Drywall 101

Drywall or Plaster?

Nowadays, most people, don't think twice about whether to use plaster or drywall for interior finishing. Arguably, plaster provides a better finished product however, drywall has taken over as industry standard for interior finishing. Consider a few of the reasons below.

1 - Cost

One of the primary reasons we chose to purchase one product over another is cost. As long as you do not sacrifice too much in the way of quality, cost is very influential to the decision making process. When considering the cost of construction we can generally divide the total into labor and material costs.

When doing drywall, depending on the part of the country, labor accounts for anywhere from 35% to 60% of the total overall cost. However, with the plaster process, labor costs are a much higher percentage of the overall.

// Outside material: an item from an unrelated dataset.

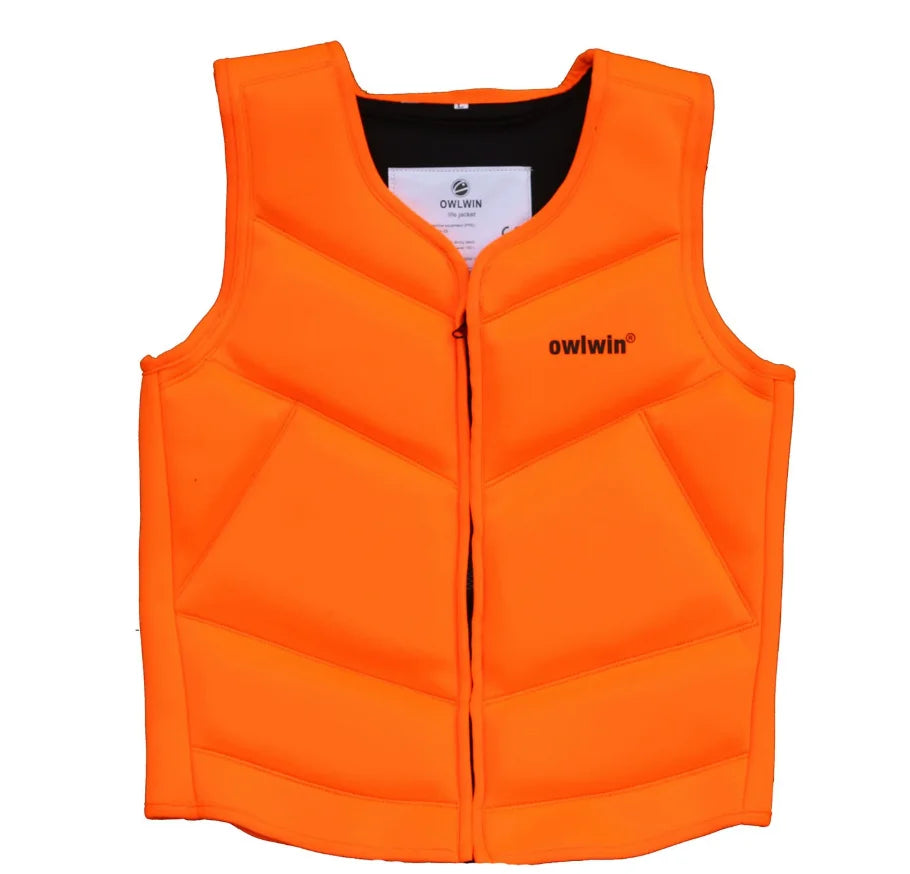 Life Jacket Adult Children Fashion Drifting Snorkeling Buoyancy Suit Swimming Portable Light and Thin Marine Working Life Jacket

When estimating drywall or plaster costs, contractors generally first determine the square footage of the walls and ceilings to be covered with either drywall or plaster. They then take this total square footage number and multiply it by a standard price per square foot. For drywall you can expect to pay approximately $0.80 to $1.30 per square foot for both hanging and taping. Plaster on the other hand can cost upwards of $5.00 per square foot. Please read this related article about the cost of drywall.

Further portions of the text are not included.